- Texte visé : Projet de loi de financement de la sécurité sociale pour 2026, n° 1907
- Stade de lecture : 1ère lecture (1ère assemblée saisie)
- Examiné par : Commission des affaires sociales
- Code concerné : Code de la sécurité sociale
Le VIII de l’article L. 241‑13 du code de la sécurité sociale est ainsi rétabli :
« VIII. – Cette réduction ne s’applique pas aux employeurs lorsque le salaire minimum national professionnel, mentionné au 4° du II de l’article L. 2261‑22 du code du travail, est demeuré inférieur au salaire minimum interprofessionnel de croissance durant plus de six mois, à moins que l’entreprise relevant du champ d’application de la branche concernée, justifie, dans ce même délai, être couverte par un accord collectif prévoyant des salaires supérieurs au salaire minimum interprofessionnel de croissance. »
Cet amendement du groupe parlementaire La France Insoumise vise à suspendre le bénéfice des réductions de cotisations sociales patronales aux branches dont les minimas conventionnels restent inférieurs au SMIC pendant plus de six mois.
Il est inconcevable que notre pays continue à subventionner des entreprises hors la loi en maintenant des travailleurs à des rémunérations inférieures au SMIC en vigueur.

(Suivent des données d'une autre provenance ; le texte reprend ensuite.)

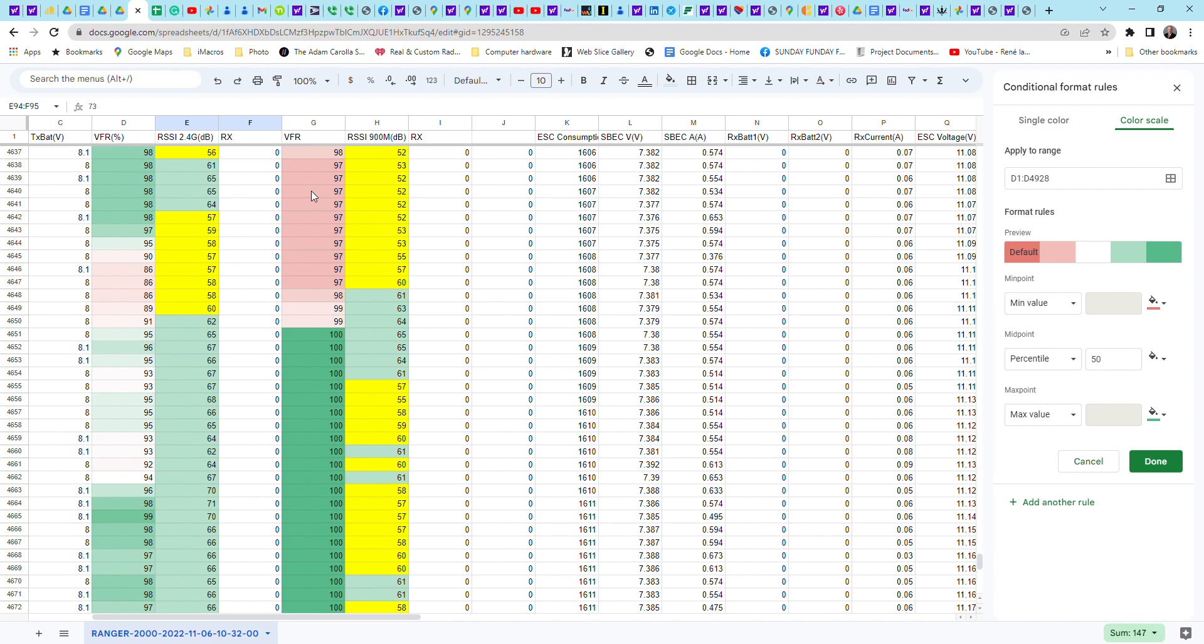So I'm just trying to clue you in as to some of the things to look for on these telemetry logs. And if you have any questions, feel free to contact me. I'm Steve at frsky-rc.com. Thanks for watching.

Ce conditionnement constituerait un levier efficace pour stimuler les négociations collectives, accélérer la mise en conformité des branches, et augmenter les bas échelons des grilles salariales des branches.

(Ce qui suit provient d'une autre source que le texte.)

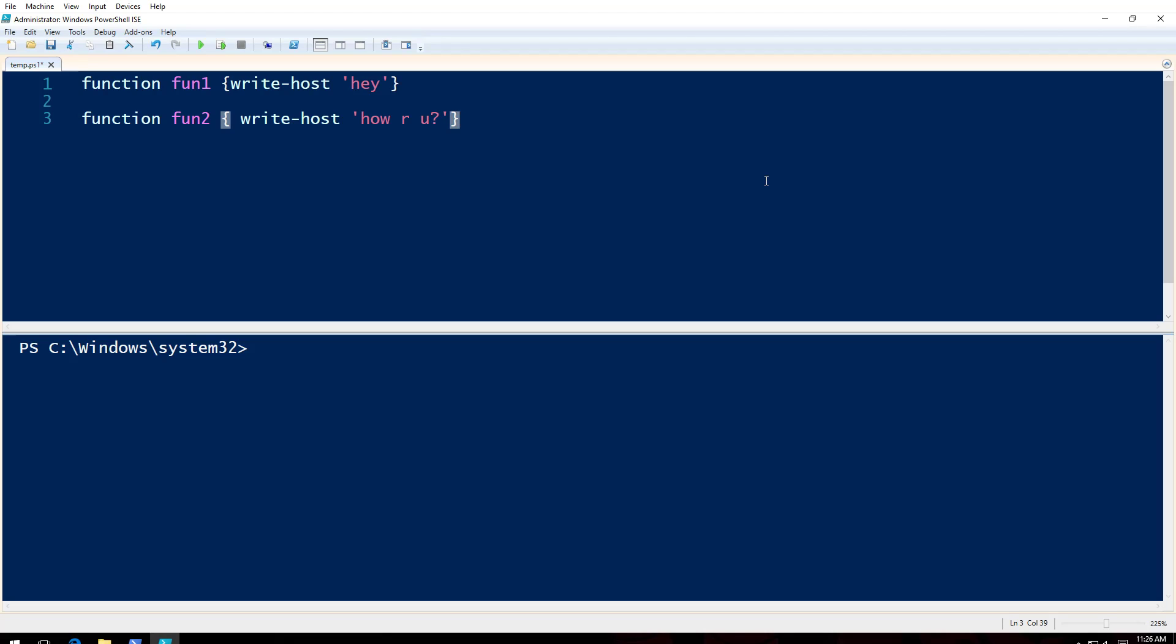YouTube, this is Zambi again and I have another video for you today. Today is PowerShell. Let's see.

Cette mesure de conditionnalité, défendue depuis plusieurs années avec constance par La France Insoumise, a été reprise par la Cour des comptes dans son rapport 2025 sur la Sécurité sociale : « Une des pistes pourrait être de diminuer l’avantage pour les entreprises relevant de branches professionnelles dont la convention collective fixe un salaire minimal inférieur au Smic » (Chapitre III, « Maîtriser la dynamique des allègements généraux de cotisations sociales, contribuer à l’équilibre financier de la sécurité sociale », p. 125).